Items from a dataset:

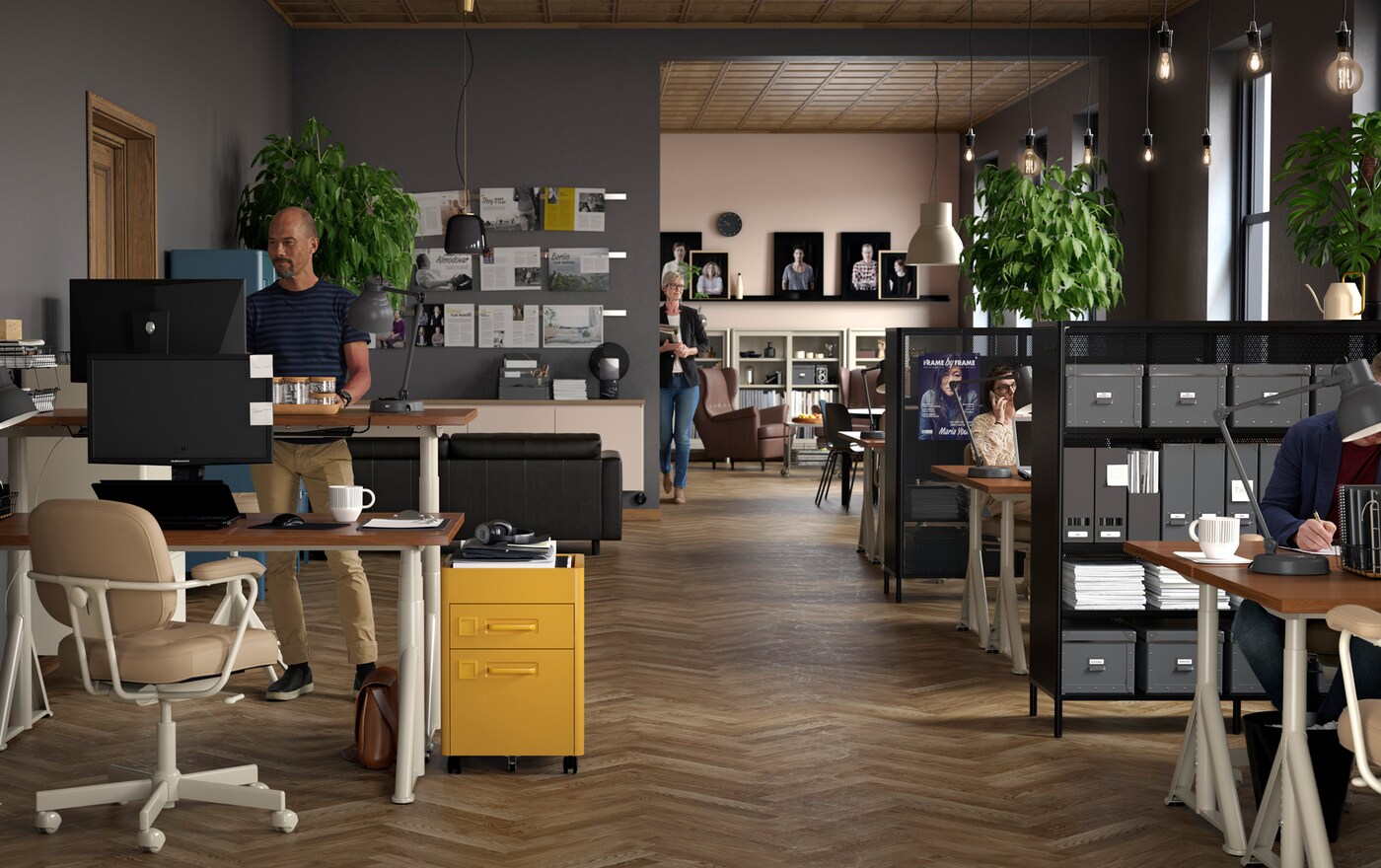 Small office space with IDÅSEN beige sit-stand desks, ALEFJÄLL grey swivel chairs and IDÅSEN brown office drawers.
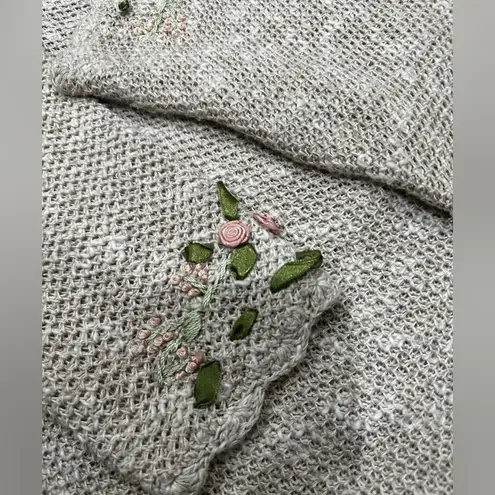 Vintage cardigan mother of pearl buttons rose ribbon embroidery size M f… White Size M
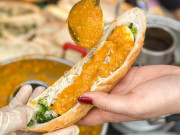 Sức khỏe - Bánh mì gạch cua đang gây sốt mạng xã hội: Nhiều người lo lắng khi ăn nhưng chuyên gia khẳng định điều ngược lại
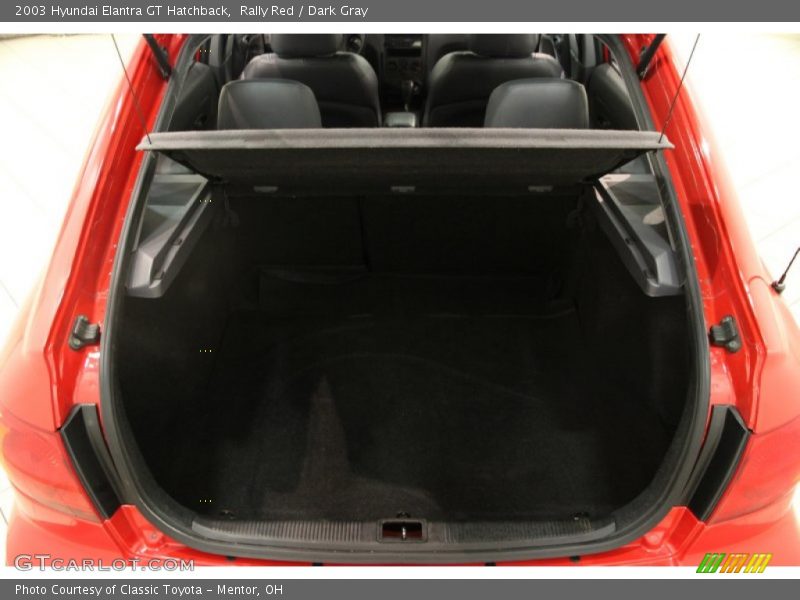 Rally Red / Dark Gray 2003 Hyundai Elantra GT Hatchback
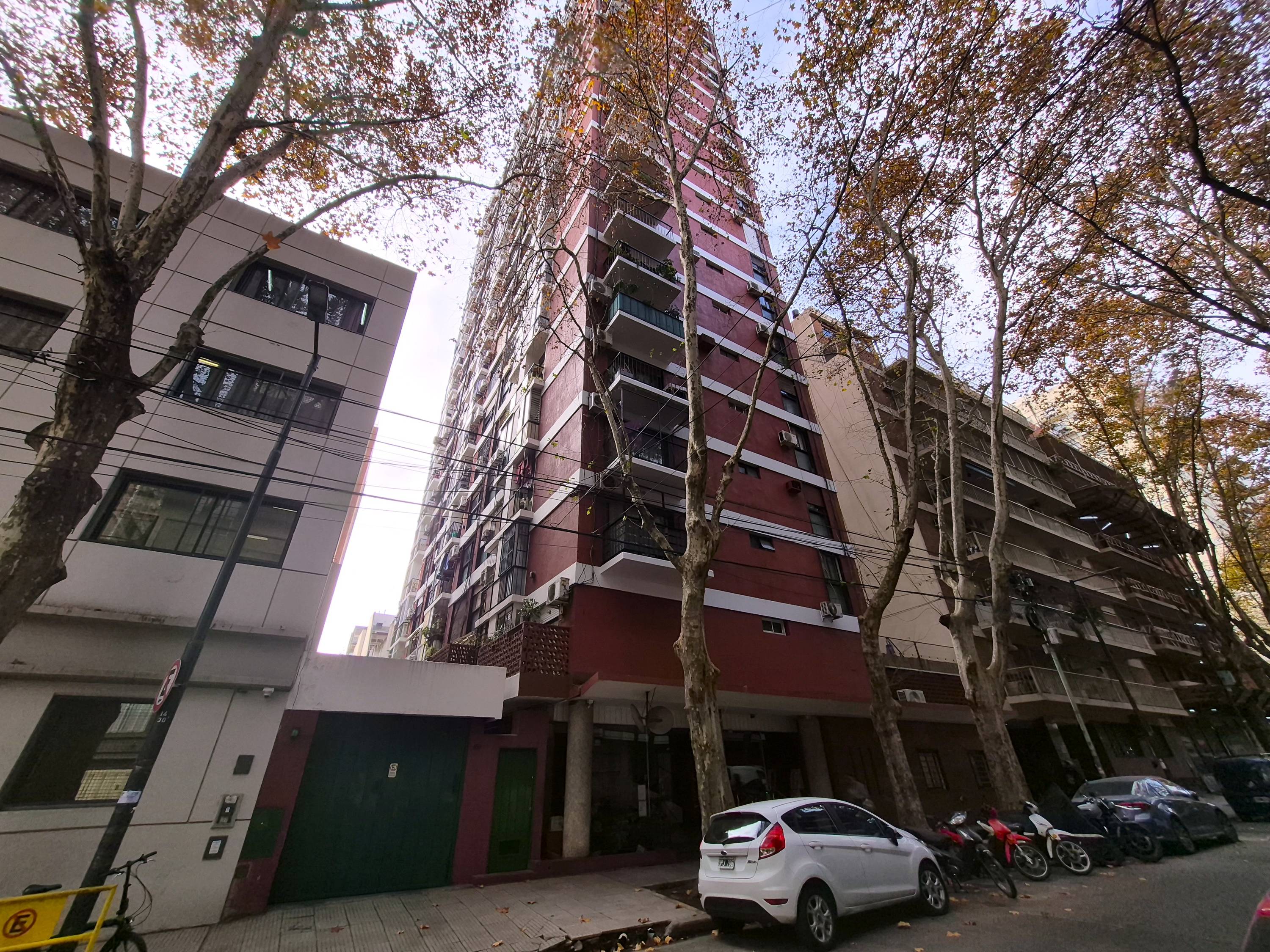 ¡Maravilloso 2 Ambientes con cochera y baulera en Venta en Belgrano!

## Task objective
Copy each line of the records above exactly as written. Do not carry over any picture.

## Completed task
 Small office space with IDÅSEN beige sit-stand desks, ALEFJÄLL grey swivel chairs and IDÅSEN brown office drawers.
 Vintage cardigan mother of pearl buttons rose ribbon embroidery size M f… White Size M
 Sức khỏe - Bánh mì gạch cua đang gây sốt mạng xã hội: Nhiều người lo lắng khi ăn nhưng chuyên gia khẳng định điều ngược lại
 Rally Red / Dark Gray 2003 Hyundai Elantra GT Hatchback
 ¡Maravilloso 2 Ambientes con cochera y baulera en Venta en Belgrano!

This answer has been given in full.